In my Python application, I am using Tarjan's algorithm to compute strongly connected components. Unfortunately, it shows up under profiling as one of the top functions in my application (at least under cPython, I haven't figured out how to profile under Pypy yet).

I've looked at the code, but I don't see any obvious performance mistakes, and I can't figure out how to make it faster. Any suggestions?

Note: The profiler reports a lot of time spent inside the function, so it's not just a matter of slow callbacks.

def tarjanSCC(roots, getChildren):
    """Return a list of strongly connected components in a graph. If getParents is passed instead of getChildren, the result will be topologically sorted.
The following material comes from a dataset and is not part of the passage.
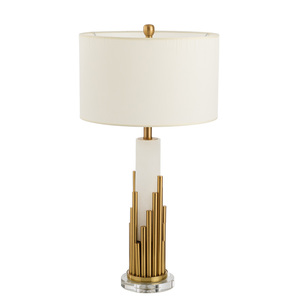 Grey Ceramic New Table Lamp with Drum Lampshade for Hotel Home Desk - Product Image 4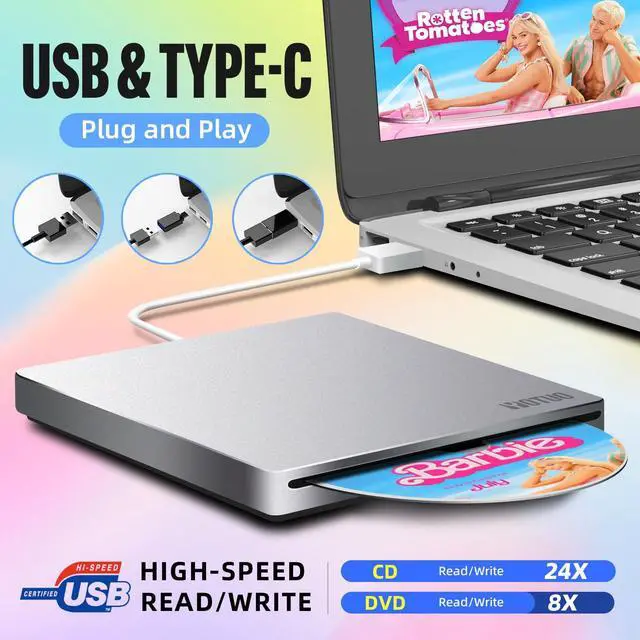 Alt view image 2 of 5 - YOTUO External DVD Drive for USB 3.0 Type C, Portable DVD Write CD Burner RW ROM Optical Drive Player Reader Disk Disc with Laptop Desktop PC Windows 11/10/8/7, Mac Pro/Air MacBook, Linux (SY-IDD031)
    roots - list of root nodes to search from
    getChildren - function which returns children of a given node
    """

    sccs = []
    indexCounter = itertools.count()
    index = {}
    lowlink = {}
    removed = set()
    subtree = []

    #Use iterative version to avoid stack limits for large datasets
    stack = [(node, 0) for node in roots]
    while stack:
        current, state = stack.pop()
        if state == 0: #before recursing
            if current not in index: #if it's in index, it was already visited (possibly earlier on the current search stack)
                lowlink[current] = index[current] = next(indexCounter)
                children = [child for child in getChildren(current) if child not in removed]
                subtree.append(current)

                stack.append((current, 1))
                stack.extend((child, 0) for child in children)
        else: #after recursing
            children = [child for child in getChildren(current) if child not in removed]
            for child in children:
                if index[child] <= index[current]: #backedge (or selfedge)
                    lowlink[current] = min(lowlink[current], index[child])
                else:
                    lowlink[current] = min(lowlink[current], lowlink[child])
                assert(lowlink[current] <= index[current])

            if index[current] == lowlink[current]:
                scc = []
                while not scc or scc[-1] != current:
                    scc.append(subtree.pop())

                sccs.append(tuple(scc))
                removed.update(scc)
    return sccs

Answer 1

• You iterate twice over the children in both branches. Avoid that by combining these lines

  children = [child for child in getChildren(current) if child not in removed]
  stack.extend((child, 0) for child in children)
  

  to

  stack.extend((child, 0) for child in getChildren(current) if child not in removed)
  

  and these

  children = [child for child in getChildren(current) if child not in removed]
  for child in children:
  

  to

  for child in getChildren(current):
      if child not in removed:
  

---

• Instead of looping in Python and moving one item at a time here

      scc = []
      while not scc or scc[-1] != current:
          scc.append(subtree.pop())
      sccs.append(tuple(scc))
  

  try to use slicing like this. A possible disadvantage is that index searches from the beginning.

      i = subtree.index(current)
      scc = tuple(reversed(subtree[i:]))
      del subtree[i:]
      sccs.append(scc)
  

• Use local variables to reduce dictionary lookups. You can also bind methods such as stack.pop to local variables to avoid attribute lookup inside the loop.

• Also to reduce dictionary lookups, you could combine index and lowlink dictionaries. Put the pair of values in as a tuple or a list to take advantage of unpacking into local variables:

  next_index = next(indexCounter)
  index[current] = [next_index, next_index]
  ...
  index_current, lowlink_current = index[current]